Des preuves croissantes suggèrent qu'un océan souterrain se cache sous la surface glacée de la lune Ariel d'Uranus, mais de nouvelles recherches, publiées dans Icaruscaractérise l'évolution possible de cet océan, et a constaté qu'elle peut avoir une fois plus de 100 miles (170 kilomètres). Pour la perspective, l'océan Pacifique est en moyenne de 2,5 miles (4 kilomètres) de profondeur.
« Ariel est assez unique en termes de lunes glacées », a déclaré le co-auteur du journal Alex Patthoff, scientifique principal de l'Institut des sciences planétaires.

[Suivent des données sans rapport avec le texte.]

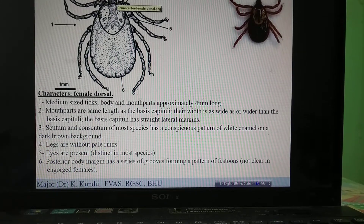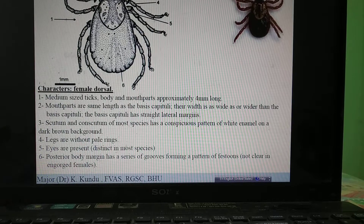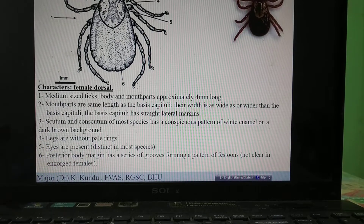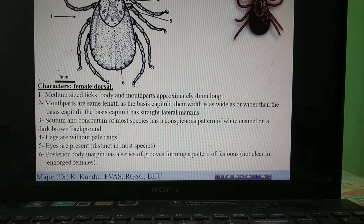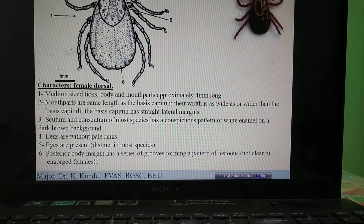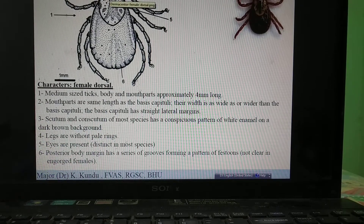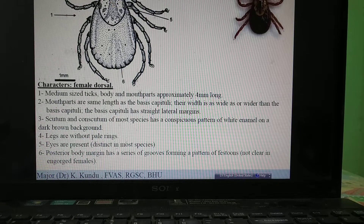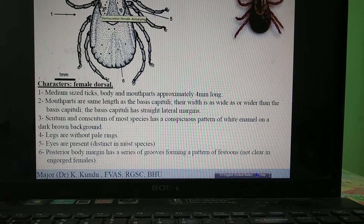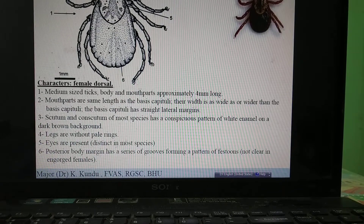The second important character is the basis capitulum — it is rectangular in shape in Hyalomma and Amblyomma. The eyes are present on the dorsal aspect of the scutum, but in Dermacentor the eyes are present on the lateral margin of the scutum.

Ariel est la lune la plus brillante et la plus brillante d'Uranus, et à seulement 720 miles (1 159 km) (la distance entre Psi à Tucson à Salt Lake City, Utah), c'est le quatrième plus grand du système uranien. Il a des caractéristiques géologiques très anciennes, comme les cratères, à côté de très jeunes, comme un terrain lisse peut-être créé par le cryovolcanisme, a déclaré le premier auteur du papier Caleb Strom, diplômé récent de l'Université du Dakota du Nord. Il a des fractures, des crêtes et des Grabens – une croûte qui a baissé plus bas que son environnement – à des échelles plus grandes que presque partout ailleurs dans le système solaire.
C'est cette surface dramatique qui a provoqué l'étude. L'équipe de recherche voulait comprendre la structure intérieure passée et l'excentricité – à quel point l'orbite d'un corps s'écarte de la circulaire – qui serait nécessaire pour produire les caractéristiques observées sur la surface d'Ariel aujourd'hui. Les deux caractéristiques peuvent contribuer à la quantité de stress appliquée à la surface, ce qui la fracture sous la poussée et la traction de la gravité alors que la petite lune orbite son géant du gaz.
« Tout d'abord, nous avons cartographié les plus grandes structures que nous voyons à la surface, puis nous avons utilisé un programme informatique pour modéliser les contraintes de marée à la surface, qui résultent de la distorsion de Ariel de la forme du ballon de football à une légère forme de football et en arrière alors qu'elle se rapproche et plus loin d'Uranus pendant son orbite », a déclaré Patthoff. « En combinant le modèle avec ce que nous voyons à la surface, nous pouvons faire des inférences sur l'excentricité passée d'Ariel et à quelle épaisseur l'océan aurait pu être. »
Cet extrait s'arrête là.